POV-Ray : Newsgroups : povray.binaries.images : Nostalgic Lego : Re: Nostalgic Lego Server Time
31 Jul 2024 14:22:51 EDT (-0400)
  Re: Nostalgic Lego  
From: Rick Gutleber
Date: 27 Jan 2010 11:04:12
Message: <4b6063fc$1@news.povray.org>
Lego went through a period in the 80s and 90s where they moved away from 
mostly generic bricks to less flexible stuff.  I recall seeing the 
sailing ship where the whole body of the ship was one huge piece. 
Likewise the castle was built of huge monolithic pieces.  I felt that 
Lego had betrayed the very quality of what made their toy great, but it 
seems that they too realized this and have returned to emphasizing 
generic bricks.

Although I'm not really a fan of licensed sets, I've always enjoyed 
buying the Star Wars sets for my kids.  The sets are very faithful 
reproductions of the various spaceships, etc, but they are composed of 
very generic pieces and retain the key element of flexibility.   The 
kids usually build the model once, and then spend all their time 
creating their own spaceships, etc.

When I was little I also had the train set with the blue tracks and the 
small red wheels without tires.  The tracks and wheels were grooved 
perpendicular to the direction of movement so the train's wheels 
wouldn't slip.  You used 2x8 white flat pieces as the crossties.

Later on I recall the Moon Landing kit with the original "maxifigs" (for 
lack of a better name), which were about 2" tall.  While those figurines 
where nicely designed (especially the arms), the minifigs which came 
around after I was no longer buying or receiving Lego (at least for 
myself) were a much better scale for Lego action.

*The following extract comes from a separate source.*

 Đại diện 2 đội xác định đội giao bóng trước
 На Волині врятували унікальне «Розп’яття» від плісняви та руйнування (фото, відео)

On 2010-01-26 04:07, Ive wrote:
> On 25.01.2010 11:06, scott wrote:
>> Great render - I remember those old wheels and tyres too, they had a
>> metal axle that you pressed into a special 2x4 brick didn't they?
>
> Exactly. At the time I played with them the wheels where always red and
> the 'axle'-brick always white. The black wheels did come a view years
> later so I'm a bit cheating.
>
>> I preferred the technic wheels and axles that you actually connect to
>> stuff :-)
>
> Those had not been invented when I was playing with them ;)
>
>
>> PS is that a dog peeing against a tree in the background?!
>
> Well, I guess he does ;)
> And this is one of the things I always liked about Lego and especially
> about the old ones with the very limited amount of brick shapes. There
> is a quite high level of abstraction involved but still you could build
> everything and it is even recognizable.